SUPPLIED MATERIAL ->
* * *

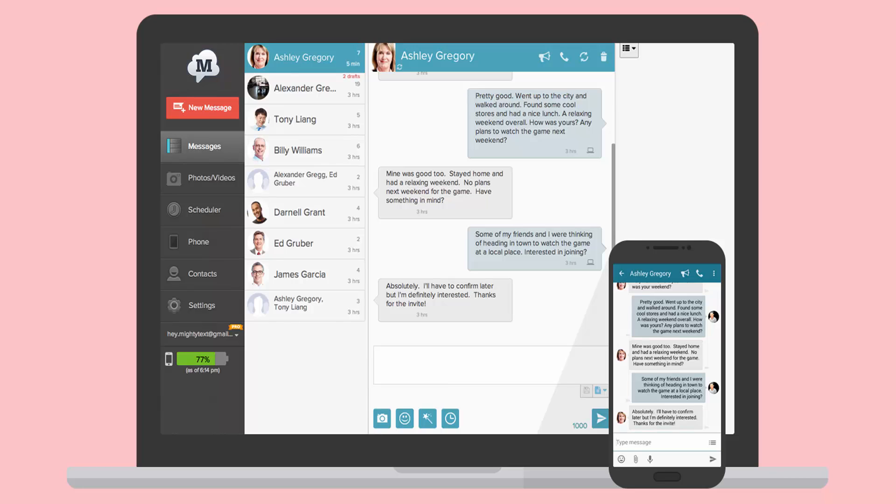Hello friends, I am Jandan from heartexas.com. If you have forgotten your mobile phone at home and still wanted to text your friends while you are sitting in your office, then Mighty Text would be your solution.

* * *

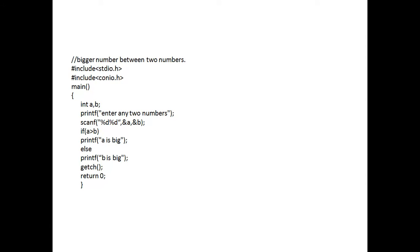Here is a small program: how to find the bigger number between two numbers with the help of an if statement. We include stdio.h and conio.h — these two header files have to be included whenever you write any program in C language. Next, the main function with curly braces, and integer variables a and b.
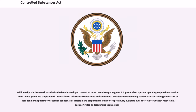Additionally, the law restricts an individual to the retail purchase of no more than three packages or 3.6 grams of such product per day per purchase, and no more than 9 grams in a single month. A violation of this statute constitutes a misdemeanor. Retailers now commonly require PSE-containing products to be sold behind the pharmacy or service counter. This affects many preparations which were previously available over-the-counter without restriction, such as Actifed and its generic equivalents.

* * *

Only one stretch of the entries above is needed: the lines from the one containing "Here is a small" through the one containing "Additionally, the law". Copy it exactly, without the pictures.

Here is a small program: how to find the bigger number between two numbers with the help of an if statement. We include stdio.h and conio.h — these two header files have to be included whenever you write any program in C language. Next, the main function with curly braces, and integer variables a and b.
Additionally, the law restricts an individual to the retail purchase of no more than three packages or 3.6 grams of such product per day per purchase, and no more than 9 grams in a single month. A violation of this statute constitutes a misdemeanor. Retailers now commonly require PSE-containing products to be sold behind the pharmacy or service counter. This affects many preparations which were previously available over-the-counter without restriction, such as Actifed and its generic equivalents.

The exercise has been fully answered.